Tunisian Human Rights League
- Formation: 1976
- Type: Human rights organization
- Region served: Tunisia
- Members: 3,000 (1985)
- Affiliations: Tunisian National Dialogue Quartet

= Tunisian Human Rights League =

Tunisian human rights organisation

The Tunisian Human Rights League (الرابطة التونسية للدفاع عن حقوق الإنسان, Ligue tunisienne des droits de l'homme, or LTDH) is an association to observe and defend human rights in Tunisia. It was founded in 1976, but associations had to be government-recognized, and the government delayed considerably before giving official recognition in May 1977. The organization's name is usually abbreviated LTDH, for its French name.

Hassib Ben Ammar was an early organizer who later received a United Nations Prize in the Field of Human Rights. Saâdeddine Zmerli was the first president and a longtime officer from the beginning of the organization till the year 2000. Mohamed Charfi is also a cofounder.

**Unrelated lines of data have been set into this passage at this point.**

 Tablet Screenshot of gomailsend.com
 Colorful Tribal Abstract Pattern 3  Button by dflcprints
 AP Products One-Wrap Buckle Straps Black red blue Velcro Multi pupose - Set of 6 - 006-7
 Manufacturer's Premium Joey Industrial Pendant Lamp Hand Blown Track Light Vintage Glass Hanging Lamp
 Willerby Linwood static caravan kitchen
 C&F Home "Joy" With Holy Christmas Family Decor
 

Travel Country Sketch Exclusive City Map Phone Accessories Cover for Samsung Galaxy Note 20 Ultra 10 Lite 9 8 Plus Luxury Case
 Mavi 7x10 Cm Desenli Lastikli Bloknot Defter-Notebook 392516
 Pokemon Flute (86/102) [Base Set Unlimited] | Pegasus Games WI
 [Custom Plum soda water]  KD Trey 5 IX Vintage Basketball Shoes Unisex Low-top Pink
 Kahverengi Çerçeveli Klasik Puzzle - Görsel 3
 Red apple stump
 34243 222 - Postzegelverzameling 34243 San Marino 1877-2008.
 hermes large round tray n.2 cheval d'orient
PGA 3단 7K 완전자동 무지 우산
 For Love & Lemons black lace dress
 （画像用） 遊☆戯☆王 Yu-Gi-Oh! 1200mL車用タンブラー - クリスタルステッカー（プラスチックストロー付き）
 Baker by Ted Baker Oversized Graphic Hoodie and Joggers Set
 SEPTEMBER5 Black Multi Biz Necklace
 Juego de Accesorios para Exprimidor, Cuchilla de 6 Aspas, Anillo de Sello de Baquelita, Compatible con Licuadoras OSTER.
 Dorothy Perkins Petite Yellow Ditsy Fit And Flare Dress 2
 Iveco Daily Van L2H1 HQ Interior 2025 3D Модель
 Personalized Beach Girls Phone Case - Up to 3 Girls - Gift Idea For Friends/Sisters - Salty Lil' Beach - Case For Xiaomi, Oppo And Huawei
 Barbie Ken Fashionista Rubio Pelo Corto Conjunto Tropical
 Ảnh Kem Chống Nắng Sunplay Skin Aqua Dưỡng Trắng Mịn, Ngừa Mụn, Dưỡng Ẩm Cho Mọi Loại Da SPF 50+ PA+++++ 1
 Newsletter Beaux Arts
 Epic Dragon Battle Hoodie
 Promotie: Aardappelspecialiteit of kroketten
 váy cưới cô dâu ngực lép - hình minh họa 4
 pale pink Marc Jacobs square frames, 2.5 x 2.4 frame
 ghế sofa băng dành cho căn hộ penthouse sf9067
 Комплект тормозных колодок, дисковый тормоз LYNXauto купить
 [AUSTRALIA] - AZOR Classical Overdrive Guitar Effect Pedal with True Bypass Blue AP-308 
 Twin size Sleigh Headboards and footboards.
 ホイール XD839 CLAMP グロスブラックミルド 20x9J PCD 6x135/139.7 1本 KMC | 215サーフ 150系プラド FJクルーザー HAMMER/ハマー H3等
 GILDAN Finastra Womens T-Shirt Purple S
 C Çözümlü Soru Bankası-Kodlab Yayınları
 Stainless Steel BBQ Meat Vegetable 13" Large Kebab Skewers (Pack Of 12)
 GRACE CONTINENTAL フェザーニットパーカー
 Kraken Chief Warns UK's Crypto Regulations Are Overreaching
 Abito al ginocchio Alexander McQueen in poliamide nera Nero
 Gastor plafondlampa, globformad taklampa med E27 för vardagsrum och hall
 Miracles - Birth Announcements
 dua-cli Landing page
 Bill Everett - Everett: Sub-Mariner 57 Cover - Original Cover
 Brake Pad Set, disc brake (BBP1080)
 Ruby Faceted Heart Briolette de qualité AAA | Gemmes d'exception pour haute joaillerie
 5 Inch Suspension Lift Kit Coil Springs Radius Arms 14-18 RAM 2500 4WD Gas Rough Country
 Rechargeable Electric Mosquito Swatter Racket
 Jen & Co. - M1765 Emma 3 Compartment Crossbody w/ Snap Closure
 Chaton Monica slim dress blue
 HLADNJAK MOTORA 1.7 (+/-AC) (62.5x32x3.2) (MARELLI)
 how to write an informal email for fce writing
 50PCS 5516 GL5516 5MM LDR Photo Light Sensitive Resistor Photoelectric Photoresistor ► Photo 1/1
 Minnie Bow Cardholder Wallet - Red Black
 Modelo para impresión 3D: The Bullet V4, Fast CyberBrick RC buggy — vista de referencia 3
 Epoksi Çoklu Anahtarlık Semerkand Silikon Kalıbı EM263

LDTH had about 1,000 members in 1982 and 3,000 in 1985, partly because it had taken stands against the death penalty and the release from prison of Islamists who had been "imprisoned for acts of conscience."

"Four of its leaders, including two of its founders and its first two presidents" were made ministers in the 1987 Tunisian government.

The National Dialogue Quartet, comprising the Tunisian Human Rights League, the Tunisian General Labour Union, the Tunisian Confederation of Industry, Trade and Handicrafts and the Tunisian Order of Lawyers, was announced as the laureate of the 2015 Nobel Peace Prize "for its decisive contribution to the building of a pluralistic democracy in Tunisia in the wake of the Jasmine Revolution of 2011."